元埼玉県警捜査一課警部補・佐々木成三氏:
こういった危険を予測する中で、危険リスクを回避するための非常通報ボタンは大きな役割があると思うんです。これが切られているというのは通常考えられないと思います。その中で、これが通常作動するのかということも毎回点検しなくてはいけないものではないかと感じています。

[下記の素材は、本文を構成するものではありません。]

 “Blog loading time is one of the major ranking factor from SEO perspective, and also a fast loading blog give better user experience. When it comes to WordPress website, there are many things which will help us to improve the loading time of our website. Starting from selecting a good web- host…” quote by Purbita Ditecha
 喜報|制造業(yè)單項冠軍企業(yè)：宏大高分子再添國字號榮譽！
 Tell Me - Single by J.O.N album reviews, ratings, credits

SPキャスター パトリック・ハーラン氏(パックン):
しっかり捜査して捜査結果も開示してほしいんですけど、サウナというのは普段、普通に使っていても体調が悪くなる可能性もある場所でもあって、他の店よりもリスクが高いと思うんです。その分だけ安全基準が高くなきゃいけないです。過失があったならば、話はちょっと違うかもしれませんが、設備とか点検をしっかり守っているのにこうなったならば、それは基準・規制をより厳しくしなきゃいけないと思うんです。それは、やっぱり当局も考え直してもいいかもしれないです。
青井実キャスター:
そういった意味では、サウナである特殊性みたいなところもあるんでしょうか。
元埼玉県警捜査一課警部補・佐々木成三氏:
そのとおりですね。実際に捜査一課が入っているということは、業務上過失致死の捜査をしているということになります。実際、このお店側はこういった一酸化炭素中毒や火災の予見はある中で、それを回避するためには非常通報装置の他にもドアノブですね。このドアノブの点検もしなきゃいけませんし、ドアノブが壊れた場合にどう回避するのか。こういった構造も考えなければいけない中で、複雑なものが重なってこういう結果になったということは責任というのは重いんではないかなと感じます。
青井実キャスター:
今、サウナ人気でサウナ利用されている方が非常に多いと思いますが、今後の捜査やポイントはどういったところになってくるんでしょうか。
元埼玉県警捜査一課警部補・佐々木成三氏:
今回の死因がまだ判明しませんが、死因が一酸化炭素中毒となった場合はお店の構造の問題が死因と直結しているとなった場合は、業務上過失致死の疑いが強くなるわけですよね。これはかなり時間的にも長期的になるような捜査なんですが、警察はこの立証を緻密な捜査で積み重ねていくというふうに感じています。
再発防止のためにも早く原因が分かることを臨みたいと思います。